New cases that expand the genotypic and phenotypic spectrum of Congenital NAD Deficiency Disorder.

机构信息

Victor Chang Cardiac Research Institute, Sydney, New South Wales, Australia.

Department of Pediatrics, University of California San Francisco, San Francisco, California, USA.

出版信息

Hum Mutat. 2021 Jul;42(7):862-876. doi: 10.1002/humu.24211. Epub 2021 May 16.

DOI:10.1002/humu.24211
PMID:33942433
原文链接:https://pmc.ncbi.nlm.nih.gov/articles/PMC8238843/
Abstract

Nicotinamide adenine dinucleotide (NAD) is an essential coenzyme involved in over 400 cellular reactions. During embryogenesis, mammals synthesize NAD de novo from dietary l -tryptophan via the kynurenine pathway. Biallelic, inactivating variants in three genes encoding enzymes of this biosynthesis pathway (KYNU, HAAO, and NADSYN1) disrupt NAD synthesis and have been identified in patients with multiple malformations of the heart, kidney, vertebrae, and limbs; these patients have Congenital NAD Deficiency Disorder HAAO and four families with biallelic variants in KYNU. These patients present similarly with multiple malformations of the heart, kidney, vertebrae, and limbs, of variable severity.

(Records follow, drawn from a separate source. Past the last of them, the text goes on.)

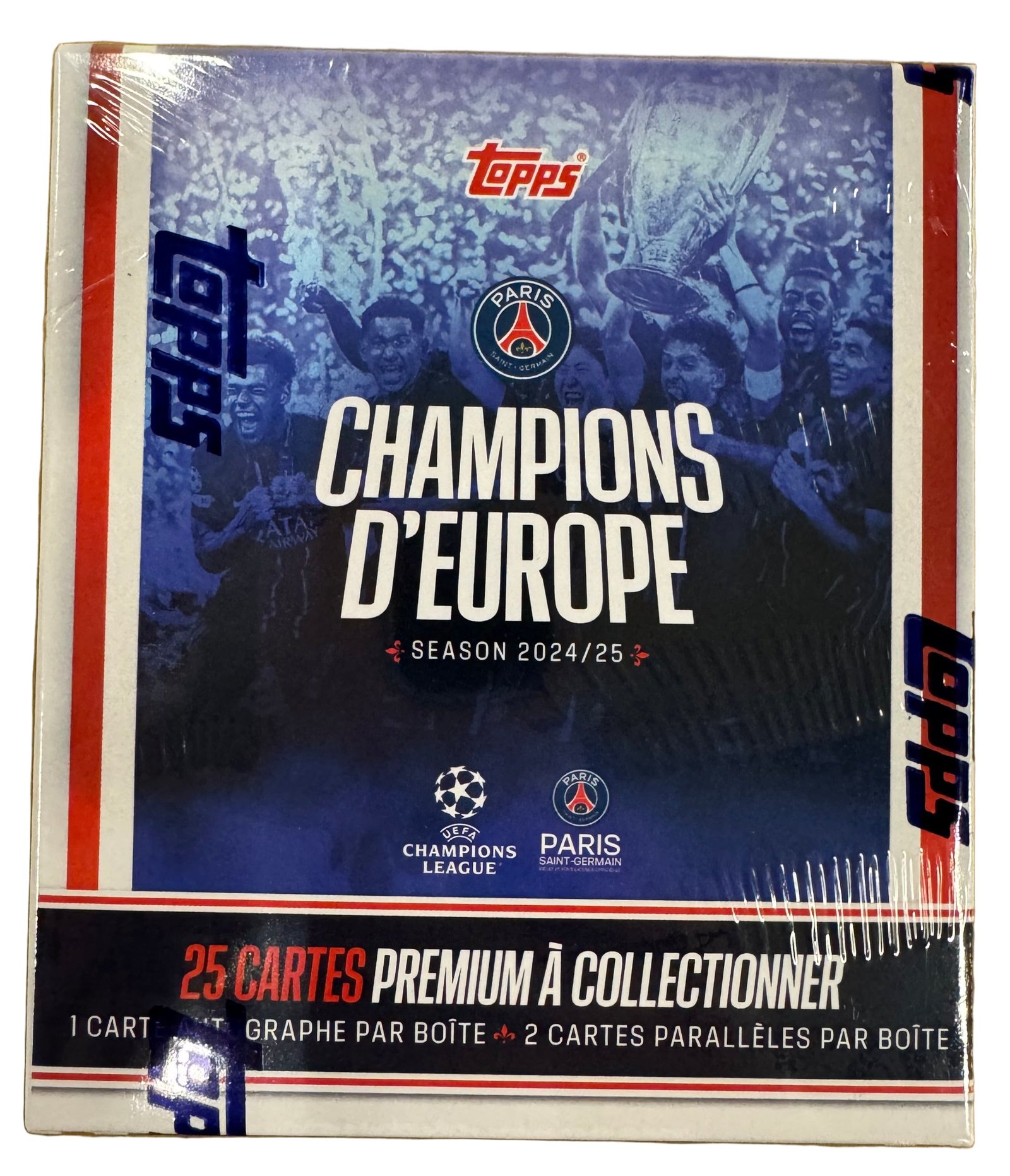 2024/25 Topps Paris Saint-Germain PSG Champions of Europe Soccer Set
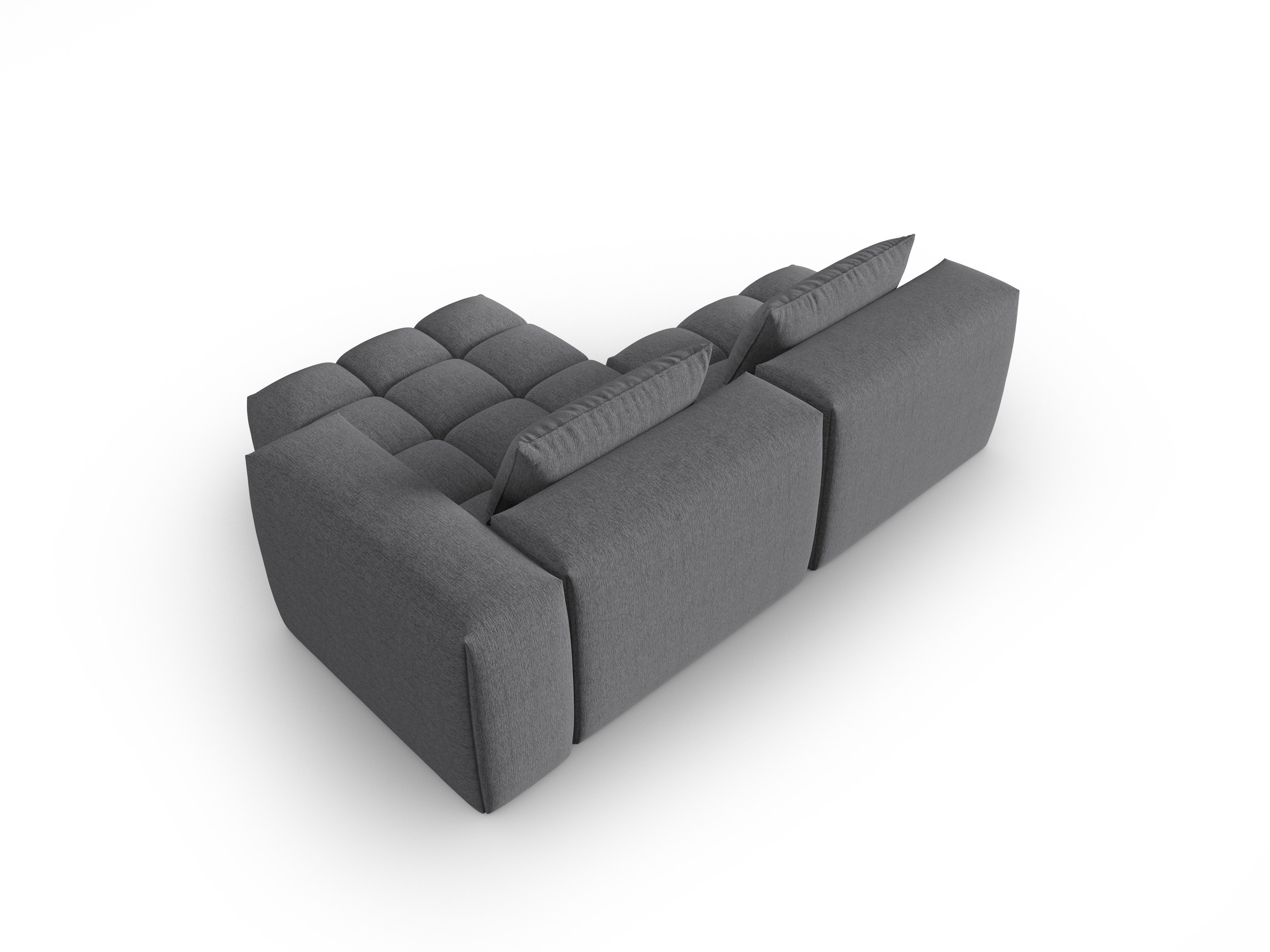 Right-facing open 3-seater corner sofa VERONA gray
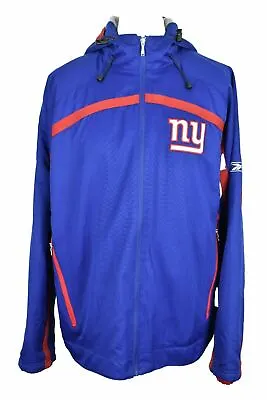 Buy REEBOK NY Giants NFL Blue Jacket Size L • 41.97£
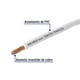 thumbnail image 2 of Rollo de 100 metros de cable THW CCA 14 AWG blanco TRUPER CCA-14B, 2 of 2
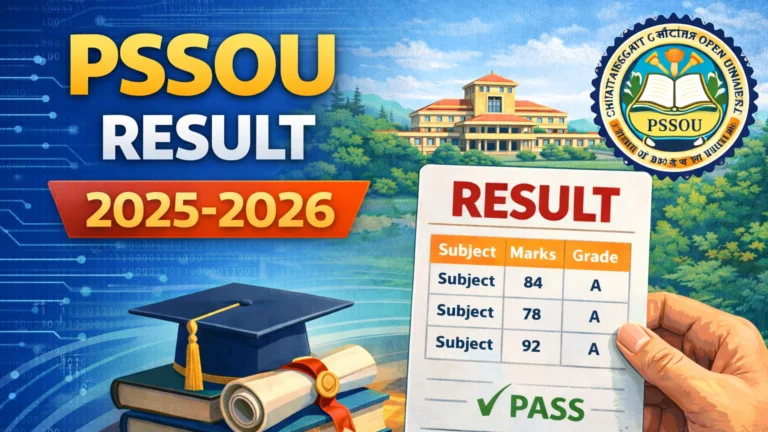 PSSOU Result download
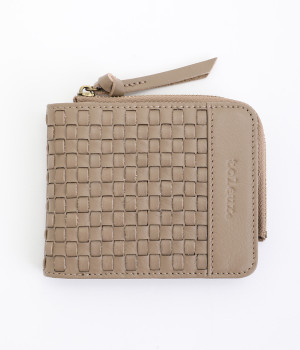 ホソメッシュ　フタツオリウォレット(グレーベージュ-ONESIZE)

We show that each variant identified in these patients results in loss-of-function, revealed by a significant reduction in NAD levels via yeast genetic complementation assays. For the first time, missense mutations are identified as a cause of malformation and shown to disrupt enzyme function. These missense and frameshift variants cause moderate to severe NAD deficiency in yeast, analogous to insufficient synthesized NAD in patients. We hereby expand the genotypic and corresponding phenotypic spectrum of Congenital NAD Deficiency Disorder.

摘要

烟酰胺腺嘌呤二核苷酸(NAD)是一种必需的辅酶,参与超过 400 种细胞反应。在胚胎发生过程中,哺乳动物通过犬尿氨酸途径从饮食中的 l-色氨酸从头合成 NAD。编码该生物合成途径中三种酶的三个基因(KYNU、HAAO 和 NADSYN1)中的双等位基因失活变异体破坏 NAD 的合成,并已在患有心脏、肾脏、脊椎和四肢多种畸形的患者中被发现;这些患者患有先天性 NAD 缺乏症 HAAO 和四个家族中 KYNU 的双等位基因变异体。这些患者的表现相似,均存在心脏、肾脏、脊椎和四肢的多种畸形,严重程度不同。我们表明,这些患者中鉴定出的每个变异体都导致功能丧失,通过酵母遗传互补测定显示 NAD 水平显著降低来揭示这一点。首次发现错义突变是畸形的原因,并表明其破坏了酶的功能。这些错义突变和移码变体导致酵母中 NAD 中度至重度缺乏,类似于患者中合成的 NAD 不足。我们在此扩展了先天性 NAD 缺乏症的基因型和相应表型谱。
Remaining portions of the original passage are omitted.